DATA FOR THE TASK -
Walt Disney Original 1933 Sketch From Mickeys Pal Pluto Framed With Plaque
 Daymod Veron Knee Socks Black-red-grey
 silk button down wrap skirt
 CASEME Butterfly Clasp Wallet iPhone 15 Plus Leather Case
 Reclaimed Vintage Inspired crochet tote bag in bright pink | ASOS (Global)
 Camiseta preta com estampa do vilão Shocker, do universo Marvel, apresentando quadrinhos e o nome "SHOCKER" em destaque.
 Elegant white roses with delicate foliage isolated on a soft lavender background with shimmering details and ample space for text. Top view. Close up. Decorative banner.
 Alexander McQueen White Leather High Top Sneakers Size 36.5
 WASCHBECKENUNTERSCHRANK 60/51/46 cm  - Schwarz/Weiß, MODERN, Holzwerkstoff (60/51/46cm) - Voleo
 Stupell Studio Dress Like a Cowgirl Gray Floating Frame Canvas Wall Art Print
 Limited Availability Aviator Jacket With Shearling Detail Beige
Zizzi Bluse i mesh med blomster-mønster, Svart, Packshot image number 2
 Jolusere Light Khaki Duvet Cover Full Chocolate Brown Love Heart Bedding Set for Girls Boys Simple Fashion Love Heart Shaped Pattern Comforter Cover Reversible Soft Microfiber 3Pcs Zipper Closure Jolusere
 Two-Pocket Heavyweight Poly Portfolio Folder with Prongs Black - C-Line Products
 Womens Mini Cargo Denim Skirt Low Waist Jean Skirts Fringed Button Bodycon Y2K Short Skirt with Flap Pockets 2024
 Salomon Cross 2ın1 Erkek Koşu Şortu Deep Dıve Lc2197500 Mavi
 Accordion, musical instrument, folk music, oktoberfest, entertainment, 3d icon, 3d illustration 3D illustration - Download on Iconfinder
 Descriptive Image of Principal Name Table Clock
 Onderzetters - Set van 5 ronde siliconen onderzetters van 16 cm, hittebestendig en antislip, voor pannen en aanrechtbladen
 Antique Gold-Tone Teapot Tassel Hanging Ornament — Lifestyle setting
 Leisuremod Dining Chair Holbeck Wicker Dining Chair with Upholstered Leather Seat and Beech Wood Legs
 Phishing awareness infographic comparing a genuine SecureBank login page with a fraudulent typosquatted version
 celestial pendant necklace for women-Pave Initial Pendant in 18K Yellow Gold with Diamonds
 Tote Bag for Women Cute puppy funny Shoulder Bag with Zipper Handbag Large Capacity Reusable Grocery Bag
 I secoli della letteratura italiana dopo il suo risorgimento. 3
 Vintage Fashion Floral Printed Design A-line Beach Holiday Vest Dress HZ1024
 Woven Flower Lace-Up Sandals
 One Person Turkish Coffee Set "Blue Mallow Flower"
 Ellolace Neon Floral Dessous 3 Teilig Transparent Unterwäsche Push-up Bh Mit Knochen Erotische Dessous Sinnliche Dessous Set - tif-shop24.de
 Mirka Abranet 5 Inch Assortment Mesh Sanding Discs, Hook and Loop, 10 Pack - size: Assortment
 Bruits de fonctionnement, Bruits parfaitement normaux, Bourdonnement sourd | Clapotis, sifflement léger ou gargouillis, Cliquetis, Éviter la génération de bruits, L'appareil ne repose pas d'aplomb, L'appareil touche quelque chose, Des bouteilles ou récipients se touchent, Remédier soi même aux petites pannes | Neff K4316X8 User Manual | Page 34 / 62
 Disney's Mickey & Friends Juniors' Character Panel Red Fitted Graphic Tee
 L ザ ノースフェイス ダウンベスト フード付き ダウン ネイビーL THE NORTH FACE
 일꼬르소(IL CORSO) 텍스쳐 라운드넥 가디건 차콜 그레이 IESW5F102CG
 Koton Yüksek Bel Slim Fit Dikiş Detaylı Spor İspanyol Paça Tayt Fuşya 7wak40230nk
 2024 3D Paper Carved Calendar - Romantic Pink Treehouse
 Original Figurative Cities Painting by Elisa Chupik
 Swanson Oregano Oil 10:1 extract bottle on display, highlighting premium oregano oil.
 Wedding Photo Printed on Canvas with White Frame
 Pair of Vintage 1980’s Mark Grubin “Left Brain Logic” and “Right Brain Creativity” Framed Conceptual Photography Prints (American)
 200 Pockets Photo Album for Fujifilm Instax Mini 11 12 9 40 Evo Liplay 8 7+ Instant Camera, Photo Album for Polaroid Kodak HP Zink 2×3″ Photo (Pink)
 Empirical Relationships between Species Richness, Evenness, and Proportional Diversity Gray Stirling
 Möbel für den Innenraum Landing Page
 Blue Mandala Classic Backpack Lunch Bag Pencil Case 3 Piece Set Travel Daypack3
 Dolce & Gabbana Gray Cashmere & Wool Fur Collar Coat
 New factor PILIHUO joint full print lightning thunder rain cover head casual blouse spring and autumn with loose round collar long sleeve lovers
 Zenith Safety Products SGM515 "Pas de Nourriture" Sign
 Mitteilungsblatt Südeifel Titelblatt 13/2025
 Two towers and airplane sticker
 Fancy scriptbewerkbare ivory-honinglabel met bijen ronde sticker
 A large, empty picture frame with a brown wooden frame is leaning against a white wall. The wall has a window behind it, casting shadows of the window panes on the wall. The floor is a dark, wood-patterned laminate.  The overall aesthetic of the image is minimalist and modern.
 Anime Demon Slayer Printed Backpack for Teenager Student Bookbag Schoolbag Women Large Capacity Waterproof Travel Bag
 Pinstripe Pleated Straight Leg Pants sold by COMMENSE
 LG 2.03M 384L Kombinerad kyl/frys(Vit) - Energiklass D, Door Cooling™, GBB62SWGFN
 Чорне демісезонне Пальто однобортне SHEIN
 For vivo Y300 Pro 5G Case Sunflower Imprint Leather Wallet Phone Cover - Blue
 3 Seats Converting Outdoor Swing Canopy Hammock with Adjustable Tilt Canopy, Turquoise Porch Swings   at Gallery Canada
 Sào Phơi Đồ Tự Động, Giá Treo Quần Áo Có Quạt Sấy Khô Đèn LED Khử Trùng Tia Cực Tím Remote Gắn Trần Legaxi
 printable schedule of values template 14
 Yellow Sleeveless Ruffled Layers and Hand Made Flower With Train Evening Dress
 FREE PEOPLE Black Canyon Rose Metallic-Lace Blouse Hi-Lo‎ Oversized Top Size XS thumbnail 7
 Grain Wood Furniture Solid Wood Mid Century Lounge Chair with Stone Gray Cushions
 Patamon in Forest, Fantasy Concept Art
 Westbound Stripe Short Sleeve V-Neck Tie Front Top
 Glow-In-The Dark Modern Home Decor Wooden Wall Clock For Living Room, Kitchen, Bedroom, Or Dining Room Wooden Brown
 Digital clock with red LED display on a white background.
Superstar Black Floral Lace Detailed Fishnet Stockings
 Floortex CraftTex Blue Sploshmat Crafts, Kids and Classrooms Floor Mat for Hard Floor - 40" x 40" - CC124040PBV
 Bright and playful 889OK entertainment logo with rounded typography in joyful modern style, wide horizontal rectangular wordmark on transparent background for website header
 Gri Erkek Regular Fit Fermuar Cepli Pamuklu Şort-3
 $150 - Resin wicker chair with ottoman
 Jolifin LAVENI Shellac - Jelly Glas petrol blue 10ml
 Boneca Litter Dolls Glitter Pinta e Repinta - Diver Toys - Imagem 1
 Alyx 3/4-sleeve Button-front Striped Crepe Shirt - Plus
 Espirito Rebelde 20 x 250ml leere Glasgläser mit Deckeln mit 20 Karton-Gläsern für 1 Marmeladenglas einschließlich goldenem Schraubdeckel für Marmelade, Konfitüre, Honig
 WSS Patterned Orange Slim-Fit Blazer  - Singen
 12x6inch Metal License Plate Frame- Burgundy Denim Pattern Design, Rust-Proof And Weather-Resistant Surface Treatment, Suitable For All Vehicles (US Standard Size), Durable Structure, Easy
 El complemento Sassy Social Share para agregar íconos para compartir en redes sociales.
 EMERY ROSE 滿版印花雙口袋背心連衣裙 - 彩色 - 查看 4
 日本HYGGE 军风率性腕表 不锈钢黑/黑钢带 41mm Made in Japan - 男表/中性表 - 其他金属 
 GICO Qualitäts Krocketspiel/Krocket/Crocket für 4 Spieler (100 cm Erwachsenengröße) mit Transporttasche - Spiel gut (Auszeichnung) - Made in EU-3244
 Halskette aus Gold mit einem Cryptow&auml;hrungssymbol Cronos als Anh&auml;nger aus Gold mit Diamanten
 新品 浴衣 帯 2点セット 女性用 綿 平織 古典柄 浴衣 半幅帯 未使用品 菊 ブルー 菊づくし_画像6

WHAT IS EXPECTED -
Given the data above, transcribe exactly the lines from the one containing "Vintage Fashion Floral" down to the one containing "Mirka Abranet 5", and no others.

EXERCISE ANSWER -
 Vintage Fashion Floral Printed Design A-line Beach Holiday Vest Dress HZ1024
 Woven Flower Lace-Up Sandals
 One Person Turkish Coffee Set "Blue Mallow Flower"
 Ellolace Neon Floral Dessous 3 Teilig Transparent Unterwäsche Push-up Bh Mit Knochen Erotische Dessous Sinnliche Dessous Set - tif-shop24.de
 Mirka Abranet 5 Inch Assortment Mesh Sanding Discs, Hook and Loop, 10 Pack - size: Assortment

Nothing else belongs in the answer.